I have implemented LU Decomposition with help of CuSparse library in Cuda C. This code successfully work on the single GPU. Now, I want to implement it on Multi GPU platform. In that case, which library will helpful for implementation of LU Decomposition on Multi GPU ?
There is already an incomplete sparse LU in cuSparse, so it sounds like you implemented the complete version if you are telling the truth.
If so please answer these questions;
Did you implement partial-pivoting? If so what approach did you use?
Did you use the ‘left-looking’ or ‘right-looking’ method?
What pre-processing steps did you use to decrease the number of non-zeros in the result? AMD? COLAMD? HSL_M64?

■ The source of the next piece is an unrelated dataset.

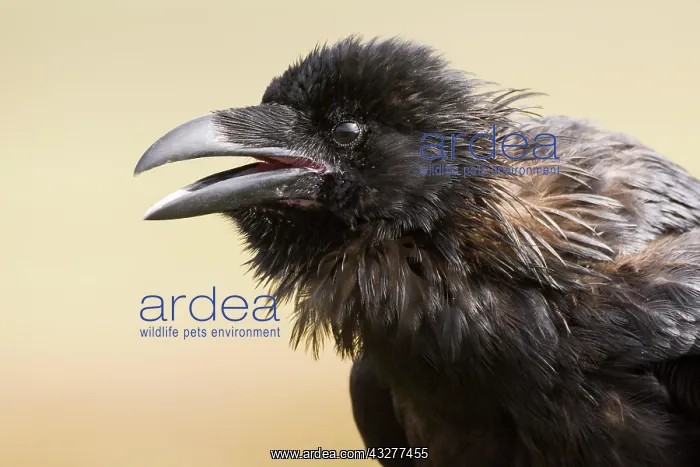: Common raven (Corvus corax), animal portrait, open : Common raven (Corvus corax), animal portrait, open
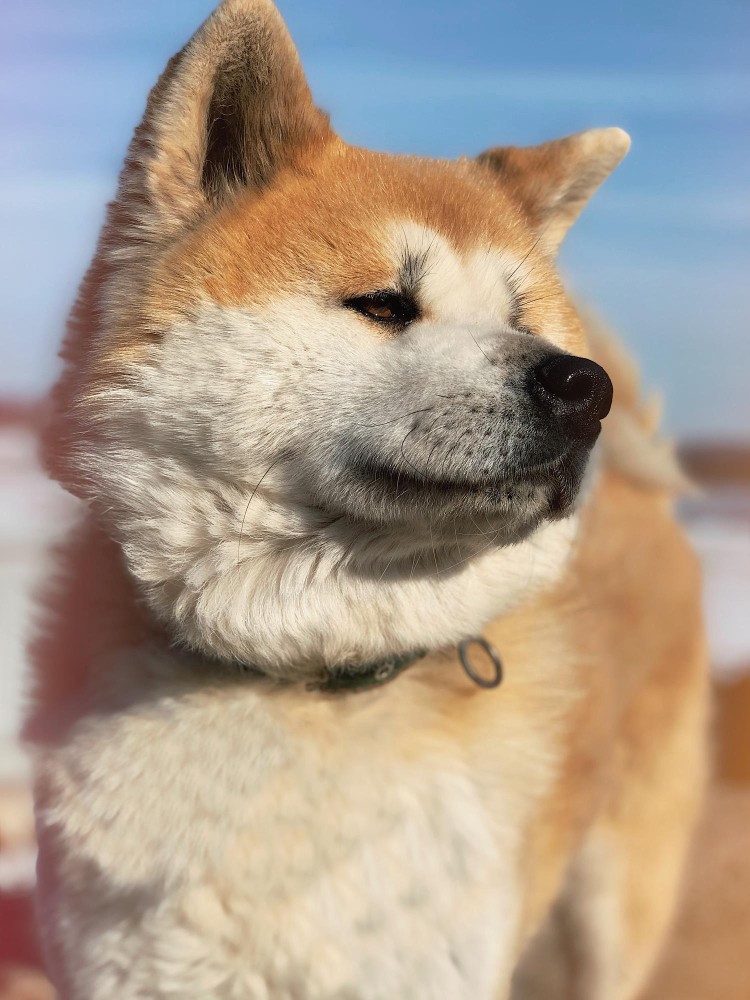 Akita Inu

Does your implementation support complex numbers?
Did you validate your implementation against a reference which is known to be correct? A good reference would be SuperLU or MATLAB.
Did you add a thresholding input and the ability to determine when to pivot away from the diagonal?
Do you have an equilibrate step for the rows and columns to improve the condition of the matrix?
How did you break down the workload into independent ordered chunks? Which graph algorithm did you use to break down the workload?
Do you have a symbolic pre-processing step, or did you find some way of dynamically pivoting through the main process and dynamically generating the new needed non-zero locations?
Are your results numerically stable when used to solve AX=B?
I have found that there is a great deal of fraud out there when it comes amateur GPU based sparse LU linear algebra sub-routines. Before you get too excited about your implementation compare your results again SuperLU for a large sparse matrix which has a higher condition number.